Whiplash, Damien Chazelle, EE.UU., 2014
Como dos fieras que se acechan, el atildado maestro y el desprolijo alumno se encuentran atravesados por el jazz, esa música libre y que basa su razón de ser en la improvisación, en el desparpajo, en la falta de normas. Justamente, esta es la idea más incómoda de la película; el arte –en este caso en su expresión musical- ligado a la idea de martirio, de sufrimiento, de sangre. El sarmientino Damien Chazelle , su director, adapta la idea de “la letra con sangre entra” y hace sangrar a los protagonistas de manera literal (las manos ensangrentadas del batero protagonista, su cara sangrante después de un accidente automovilístico que lo retrasa en su audición, el violento golpe que rompe la batería) y de manera simbólica en la lucha feroz, en el enfrentamiento que se basa en la revancha y en los forzados giros de guión que establece a lo largo de la película. Que las prácticas artísticas requieren entrenamiento, práctica, es verdad; pero esto no quiere decir que ese entrenamiento agote el placer, normativice la improvisación, rechace el goce mismo. Tal vez, y esto es solo un tal vez, la idea de goce en Whiplash esté asociada a la idea de goce sexual, a cierta perversión en la relación maestro/alumno, a su juego de dominaciones; quizá a la homosexualidad que tiembla en la película y en los ojos de Simmons y de su alumno cuando se encuentran. Un mundo de hombres donde las mujeres – la única que aparece en realidad- son bobaliconas que molestan porque supuestamente no entenderían la pasión que siente este muchacho por su arte o tal vez, no entenderían la relación patológica que tiene con su maestro. La lógica sobre la que edifica la película es la de la humillación, el temor, el miedo, dos psicópatas juntos que alcanzan su duelo/ clímax (sexual?) con la escena final.

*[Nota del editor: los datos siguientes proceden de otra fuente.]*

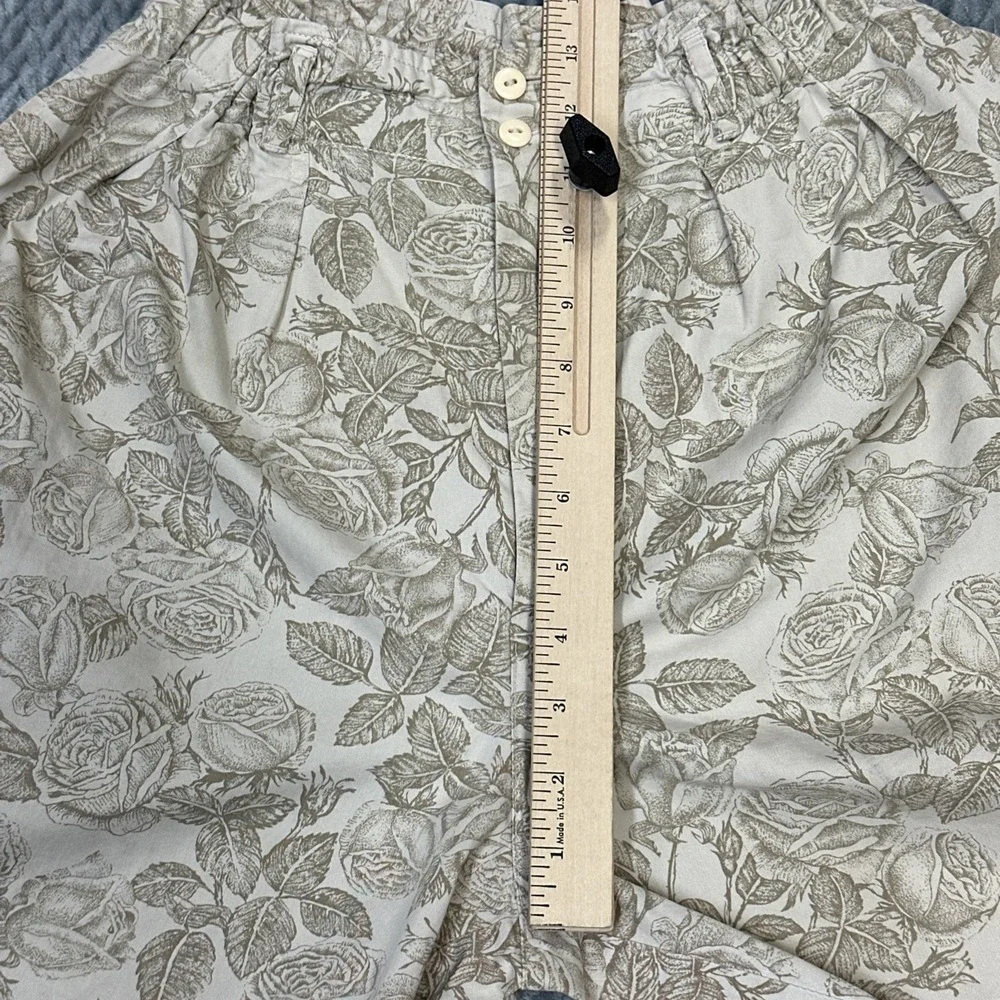 Banana Republic Travel & Safari Gurkha Shorts Women's S Vintage‎ 80s Khaki Print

Otra vez nos topamos con películas reduccionistas, donde la obsesión está puesta en el rendimiento, en el marketing abstracto de la superación personal a través del sufrimiento –como la recientemente estrenada Foxcatcher- nunca hacer eje en el placer, en ese dejarse llevar mágico que tiene el arte, en el momento de incertidumbre y de goce que tiene la hoja en blanco, la inicial pantalla vacía y sus expectativas, el fugaz y conmovedor comienzo de una melodía. Es que el arte, la música, el jazz es una excusa para Chazelle, al que sólo le interesa mostrar su mundo de reprimidos hombres enfrentados.